Applying established ecclesiastical case law, the Chancellor held that where burial space is limited, grave reservations should only be granted in exceptional circumstances because they may prejudice the rights of parishioners who have a legal entitlement to burial. The petitioner bore the burden of proving such exceptional circumstances. The Chancellor found that the emotional bond and mutual promises between Mrs Blundell and her sister, while sincere and wedeeply felt, were not “markedly out of the ordinary” and did not justify reserving a space. The petition was therefore dismissed.
[1] The St. Mary, Haversham judgment concerned a churchyard where it was estimated that the remaining space would only be sufficient for the parish’s needs for another 5 years, so longer than in the current case. Referring back (at [8] in St. Botolph Newbold-on-Avon) to his own decision in Re St.
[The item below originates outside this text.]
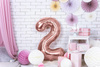 Foil balloon - Number "2" - Pink gold - 86 cm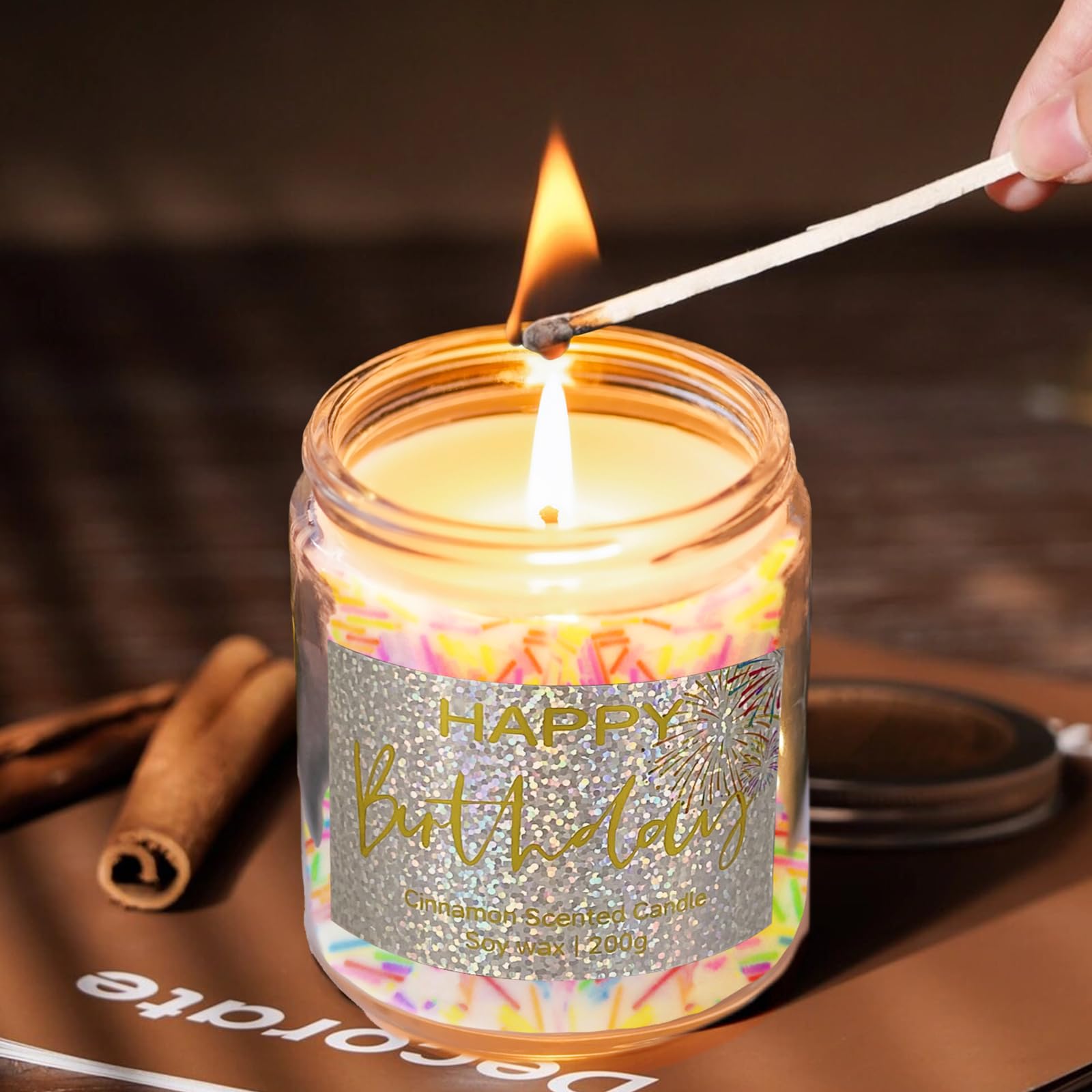 Candela Profumata All'Arancia In Vaso Vetro - 200g, 50 Ore | Cera Di Soia Naturale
Mary Thame [2022] ECC Oxf 2 [also at (2023) 25 Ecc LJ 114] Chancellor Hodge, KC, identified the following, non-exhaustive propositions:
“(1) The reservation of a grave space is entirely within the discretion of the consistory court, to be exercised having regard to the particular circumstances of the case.
(2) The court will be more inclined to grant a faculty to a petitioner with the right to be buried in the churchyard than to one without such an entitlement. Those who have such a right are the persons living within the parish, and those on the electoral roll of the parish church.
(3) The court may nevertheless grant a faculty to a petitioner with no right to be buried in the churchyard where they can demonstrate a personal, or a substantial family, connection to the church and/or its churchyard, or some other good and sufficient reason to be buried there.
(4) Where there is sufficient space within the churchyard, and the incumbent minister gives [his/her] consent, the court may well grant a faculty to such a petitioner, unless the Parochial Church Council have a policy of opposing the reservation of grave spaces.
(5) Such a policy cannot be conclusive, and it cannot remove the court’s overarching discretion; but where the PCC have adopted a policy that is considered, reasonable and fair, the court will only be justified in departing from that policy in exceptional circumstances; and anyone seeking to reserve a grave space in the face of such a policy will need to show that their case is markedly out of the ordinary.
(6) Where, however, the remaining space within the churchyard is limited, then a faculty will not normally be granted, and the petitioner will have to demonstrate sufficient justification for the court to take the exceptional course of allowing a reservation in such circumstances, because of the risk that such a reservation will prejudice the rights of those parishioners or worshippers who would otherwise be entitled to be buried in the churchyard.
(7) Even where such a justification is demonstrated, it will not usually be right to extend the duration of the faculty beyond the period for which the churchyard is likely to have space for burials, unless there are exceptional circumstances (including evidence of a particularly strong connection to the church and/or the churchyard) in favour of doing so.
(8) Should a faculty for a grave space reservation be granted for a limited duration, it remains open to the petitioner to apply for an extension of the period of its validity. Whether or not any extension is to be granted will depend upon the prevailing circumstances, including: (1) the petitioner’s personal circumstances; (2) whether arrangements have been made to provide additional space for burials, whether by the acquisition of further land, or the re-use of parts of the churchyard, or otherwise; (3) the views of the incumbent minister; and (4) any current policy of the PCC towards the reservation of grave spaces.”